▸ AIM OF THE TASK
Scan the entries below for the string "Mitsubishi" and copy every line where it turns up.

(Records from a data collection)
:::

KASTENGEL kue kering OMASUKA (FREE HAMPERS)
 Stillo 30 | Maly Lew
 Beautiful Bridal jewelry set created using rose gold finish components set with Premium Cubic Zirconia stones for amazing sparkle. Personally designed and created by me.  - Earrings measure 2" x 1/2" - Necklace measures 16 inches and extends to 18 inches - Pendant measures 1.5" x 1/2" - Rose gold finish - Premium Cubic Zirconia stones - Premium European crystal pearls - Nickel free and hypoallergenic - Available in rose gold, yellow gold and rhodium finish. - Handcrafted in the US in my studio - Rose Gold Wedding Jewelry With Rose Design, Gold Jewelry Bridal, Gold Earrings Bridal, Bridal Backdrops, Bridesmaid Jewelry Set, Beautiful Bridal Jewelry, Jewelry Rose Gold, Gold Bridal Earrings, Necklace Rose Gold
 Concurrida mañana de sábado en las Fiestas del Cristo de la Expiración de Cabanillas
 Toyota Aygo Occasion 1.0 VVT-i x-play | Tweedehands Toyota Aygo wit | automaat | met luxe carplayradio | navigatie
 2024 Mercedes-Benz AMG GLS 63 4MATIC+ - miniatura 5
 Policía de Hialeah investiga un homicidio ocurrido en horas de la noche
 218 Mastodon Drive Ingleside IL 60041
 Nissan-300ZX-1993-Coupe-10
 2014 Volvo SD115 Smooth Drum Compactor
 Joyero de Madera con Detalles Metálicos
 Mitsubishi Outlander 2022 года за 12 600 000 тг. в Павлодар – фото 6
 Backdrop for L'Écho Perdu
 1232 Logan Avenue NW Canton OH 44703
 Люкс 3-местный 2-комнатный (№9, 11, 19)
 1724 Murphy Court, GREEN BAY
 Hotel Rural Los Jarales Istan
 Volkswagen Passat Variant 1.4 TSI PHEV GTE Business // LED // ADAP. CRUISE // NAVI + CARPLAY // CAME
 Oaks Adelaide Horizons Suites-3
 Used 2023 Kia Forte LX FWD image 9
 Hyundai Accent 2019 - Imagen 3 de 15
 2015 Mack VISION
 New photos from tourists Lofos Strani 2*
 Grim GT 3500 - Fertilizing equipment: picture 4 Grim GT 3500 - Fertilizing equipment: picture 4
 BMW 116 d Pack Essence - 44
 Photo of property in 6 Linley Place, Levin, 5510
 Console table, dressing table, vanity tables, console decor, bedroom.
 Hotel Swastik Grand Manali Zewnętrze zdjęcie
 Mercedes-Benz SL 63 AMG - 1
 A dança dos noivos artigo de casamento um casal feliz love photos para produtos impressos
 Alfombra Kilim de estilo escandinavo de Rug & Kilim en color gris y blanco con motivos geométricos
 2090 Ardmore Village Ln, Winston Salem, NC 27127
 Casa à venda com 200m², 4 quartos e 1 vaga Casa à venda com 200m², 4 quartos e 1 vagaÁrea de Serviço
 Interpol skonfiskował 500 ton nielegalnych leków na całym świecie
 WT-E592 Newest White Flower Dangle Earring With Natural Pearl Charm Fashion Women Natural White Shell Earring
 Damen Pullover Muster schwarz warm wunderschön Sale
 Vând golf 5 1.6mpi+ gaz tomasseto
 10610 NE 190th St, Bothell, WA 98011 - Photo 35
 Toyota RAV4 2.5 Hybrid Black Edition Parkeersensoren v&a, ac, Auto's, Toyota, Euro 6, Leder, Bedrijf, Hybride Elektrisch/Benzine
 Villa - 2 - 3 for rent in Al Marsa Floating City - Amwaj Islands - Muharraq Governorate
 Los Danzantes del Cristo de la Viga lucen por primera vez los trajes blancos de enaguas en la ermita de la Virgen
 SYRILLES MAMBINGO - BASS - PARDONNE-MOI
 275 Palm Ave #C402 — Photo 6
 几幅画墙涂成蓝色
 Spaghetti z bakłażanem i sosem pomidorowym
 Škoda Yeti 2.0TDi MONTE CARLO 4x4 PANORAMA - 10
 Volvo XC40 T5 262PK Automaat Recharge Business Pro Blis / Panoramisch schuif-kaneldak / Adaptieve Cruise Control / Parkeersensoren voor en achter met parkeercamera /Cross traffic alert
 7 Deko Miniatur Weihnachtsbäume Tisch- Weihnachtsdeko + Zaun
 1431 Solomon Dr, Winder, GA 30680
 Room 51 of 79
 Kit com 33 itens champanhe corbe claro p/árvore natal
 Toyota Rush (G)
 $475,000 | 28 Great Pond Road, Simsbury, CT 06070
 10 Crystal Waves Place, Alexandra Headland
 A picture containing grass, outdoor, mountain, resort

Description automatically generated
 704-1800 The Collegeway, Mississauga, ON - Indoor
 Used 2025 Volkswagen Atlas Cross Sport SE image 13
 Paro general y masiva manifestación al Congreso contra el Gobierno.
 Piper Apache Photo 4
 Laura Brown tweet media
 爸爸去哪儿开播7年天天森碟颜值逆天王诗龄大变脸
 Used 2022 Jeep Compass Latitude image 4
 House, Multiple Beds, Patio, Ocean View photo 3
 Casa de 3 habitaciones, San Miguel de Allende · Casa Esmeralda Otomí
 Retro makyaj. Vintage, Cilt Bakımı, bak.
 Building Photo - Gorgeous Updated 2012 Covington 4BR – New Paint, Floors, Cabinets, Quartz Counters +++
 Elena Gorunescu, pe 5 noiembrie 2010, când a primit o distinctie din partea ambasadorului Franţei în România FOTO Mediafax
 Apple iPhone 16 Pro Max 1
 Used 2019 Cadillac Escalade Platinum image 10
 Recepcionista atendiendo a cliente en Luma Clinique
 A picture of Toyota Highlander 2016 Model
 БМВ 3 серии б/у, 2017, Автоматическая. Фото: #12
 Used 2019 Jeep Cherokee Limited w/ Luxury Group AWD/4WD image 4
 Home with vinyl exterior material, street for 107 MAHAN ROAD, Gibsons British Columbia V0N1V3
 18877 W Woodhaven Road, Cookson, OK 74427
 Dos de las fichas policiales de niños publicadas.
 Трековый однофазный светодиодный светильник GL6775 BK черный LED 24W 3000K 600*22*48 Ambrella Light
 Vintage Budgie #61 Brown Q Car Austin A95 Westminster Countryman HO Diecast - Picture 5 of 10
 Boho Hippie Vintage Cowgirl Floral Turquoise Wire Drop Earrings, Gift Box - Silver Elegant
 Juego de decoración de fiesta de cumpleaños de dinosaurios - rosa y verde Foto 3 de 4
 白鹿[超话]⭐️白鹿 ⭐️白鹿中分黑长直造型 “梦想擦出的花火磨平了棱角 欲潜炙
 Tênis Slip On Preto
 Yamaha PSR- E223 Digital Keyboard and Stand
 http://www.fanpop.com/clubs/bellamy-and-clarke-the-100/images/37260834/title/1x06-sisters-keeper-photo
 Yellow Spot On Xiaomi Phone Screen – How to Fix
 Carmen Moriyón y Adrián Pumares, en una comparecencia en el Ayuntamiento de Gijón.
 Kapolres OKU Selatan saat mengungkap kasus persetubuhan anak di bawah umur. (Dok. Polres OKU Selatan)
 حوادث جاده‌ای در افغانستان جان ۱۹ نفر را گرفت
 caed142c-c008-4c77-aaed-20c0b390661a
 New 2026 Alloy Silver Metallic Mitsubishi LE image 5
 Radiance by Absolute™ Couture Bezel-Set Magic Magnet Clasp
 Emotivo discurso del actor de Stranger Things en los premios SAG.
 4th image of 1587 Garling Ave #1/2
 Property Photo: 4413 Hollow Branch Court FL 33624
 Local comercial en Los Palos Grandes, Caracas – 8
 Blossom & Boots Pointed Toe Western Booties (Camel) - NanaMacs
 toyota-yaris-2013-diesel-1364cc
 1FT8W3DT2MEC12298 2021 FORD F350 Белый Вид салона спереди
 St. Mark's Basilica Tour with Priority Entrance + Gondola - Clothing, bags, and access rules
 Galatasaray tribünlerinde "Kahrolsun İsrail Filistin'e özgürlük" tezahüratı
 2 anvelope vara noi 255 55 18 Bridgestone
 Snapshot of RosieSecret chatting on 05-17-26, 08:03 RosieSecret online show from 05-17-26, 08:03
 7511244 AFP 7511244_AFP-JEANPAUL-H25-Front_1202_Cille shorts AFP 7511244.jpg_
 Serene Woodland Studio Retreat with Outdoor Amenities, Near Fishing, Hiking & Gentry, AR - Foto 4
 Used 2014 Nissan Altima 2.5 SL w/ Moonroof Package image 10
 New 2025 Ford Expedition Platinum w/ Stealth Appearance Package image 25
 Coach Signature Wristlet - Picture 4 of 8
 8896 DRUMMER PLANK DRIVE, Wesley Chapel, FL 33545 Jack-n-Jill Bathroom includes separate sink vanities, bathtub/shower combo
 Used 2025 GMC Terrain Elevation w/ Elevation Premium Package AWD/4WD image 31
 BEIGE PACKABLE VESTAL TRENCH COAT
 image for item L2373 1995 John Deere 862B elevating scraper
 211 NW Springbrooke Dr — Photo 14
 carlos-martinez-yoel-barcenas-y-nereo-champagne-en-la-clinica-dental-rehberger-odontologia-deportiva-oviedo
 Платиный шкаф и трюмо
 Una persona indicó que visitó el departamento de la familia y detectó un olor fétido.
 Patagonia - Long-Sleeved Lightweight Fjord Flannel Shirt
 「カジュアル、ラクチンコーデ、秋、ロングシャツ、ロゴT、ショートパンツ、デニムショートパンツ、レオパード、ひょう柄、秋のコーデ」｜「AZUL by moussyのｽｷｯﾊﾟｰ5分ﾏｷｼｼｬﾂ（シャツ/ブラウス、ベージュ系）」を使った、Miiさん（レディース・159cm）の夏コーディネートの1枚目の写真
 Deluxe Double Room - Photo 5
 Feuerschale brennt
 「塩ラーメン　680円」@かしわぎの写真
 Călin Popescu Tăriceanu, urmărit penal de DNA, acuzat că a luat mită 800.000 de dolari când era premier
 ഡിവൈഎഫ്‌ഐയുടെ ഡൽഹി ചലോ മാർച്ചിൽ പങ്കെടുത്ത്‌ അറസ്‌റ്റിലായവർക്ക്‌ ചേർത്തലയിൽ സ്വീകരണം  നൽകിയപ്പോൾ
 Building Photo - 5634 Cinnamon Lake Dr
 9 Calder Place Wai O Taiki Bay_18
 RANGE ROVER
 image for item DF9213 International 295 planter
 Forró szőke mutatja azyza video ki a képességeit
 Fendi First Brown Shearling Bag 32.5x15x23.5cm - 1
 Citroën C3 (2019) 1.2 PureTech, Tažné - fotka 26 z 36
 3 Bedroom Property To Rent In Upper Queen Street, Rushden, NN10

:::

▸ REPLY TO THE EXERCISE
 Mitsubishi Outlander 2022 года за 12 600 000 тг. в Павлодар – фото 6
 New 2026 Alloy Silver Metallic Mitsubishi LE image 5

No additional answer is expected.